# Requirement:
After finding the line that contains "帽子オフグレー帽子 ロングエプロン" in the entries below, retype it and every following line precisely, the last included.

# Input material:
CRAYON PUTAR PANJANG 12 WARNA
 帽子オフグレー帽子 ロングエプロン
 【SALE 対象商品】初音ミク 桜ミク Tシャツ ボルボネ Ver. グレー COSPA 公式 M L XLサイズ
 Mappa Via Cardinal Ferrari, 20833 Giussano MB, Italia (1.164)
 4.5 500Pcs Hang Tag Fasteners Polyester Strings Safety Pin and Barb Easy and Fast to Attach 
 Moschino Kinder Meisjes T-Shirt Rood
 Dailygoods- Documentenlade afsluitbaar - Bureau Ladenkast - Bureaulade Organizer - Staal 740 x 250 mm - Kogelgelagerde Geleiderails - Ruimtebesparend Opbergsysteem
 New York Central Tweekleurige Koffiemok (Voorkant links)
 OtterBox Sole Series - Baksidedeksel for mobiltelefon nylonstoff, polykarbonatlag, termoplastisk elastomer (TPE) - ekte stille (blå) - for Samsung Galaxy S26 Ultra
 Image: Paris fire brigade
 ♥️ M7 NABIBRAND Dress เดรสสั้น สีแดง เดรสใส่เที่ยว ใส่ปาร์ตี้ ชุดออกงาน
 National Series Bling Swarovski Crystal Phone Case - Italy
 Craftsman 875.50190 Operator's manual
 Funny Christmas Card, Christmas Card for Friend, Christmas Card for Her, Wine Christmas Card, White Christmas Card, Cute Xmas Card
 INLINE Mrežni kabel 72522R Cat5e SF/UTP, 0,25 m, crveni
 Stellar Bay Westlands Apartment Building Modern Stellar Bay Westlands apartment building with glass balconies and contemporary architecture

# Answer to the problem:
 帽子オフグレー帽子 ロングエプロン
 【SALE 対象商品】初音ミク 桜ミク Tシャツ ボルボネ Ver. グレー COSPA 公式 M L XLサイズ
 Mappa Via Cardinal Ferrari, 20833 Giussano MB, Italia (1.164)
 4.5 500Pcs Hang Tag Fasteners Polyester Strings Safety Pin and Barb Easy and Fast to Attach 
 Moschino Kinder Meisjes T-Shirt Rood
 Dailygoods- Documentenlade afsluitbaar - Bureau Ladenkast - Bureaulade Organizer - Staal 740 x 250 mm - Kogelgelagerde Geleiderails - Ruimtebesparend Opbergsysteem
 New York Central Tweekleurige Koffiemok (Voorkant links)
 OtterBox Sole Series - Baksidedeksel for mobiltelefon nylonstoff, polykarbonatlag, termoplastisk elastomer (TPE) - ekte stille (blå) - for Samsung Galaxy S26 Ultra
 Image: Paris fire brigade
 ♥️ M7 NABIBRAND Dress เดรสสั้น สีแดง เดรสใส่เที่ยว ใส่ปาร์ตี้ ชุดออกงาน
 National Series Bling Swarovski Crystal Phone Case - Italy
 Craftsman 875.50190 Operator's manual
 Funny Christmas Card, Christmas Card for Friend, Christmas Card for Her, Wine Christmas Card, White Christmas Card, Cute Xmas Card
 INLINE Mrežni kabel 72522R Cat5e SF/UTP, 0,25 m, crveni
 Stellar Bay Westlands Apartment Building Modern Stellar Bay Westlands apartment building with glass balconies and contemporary architecture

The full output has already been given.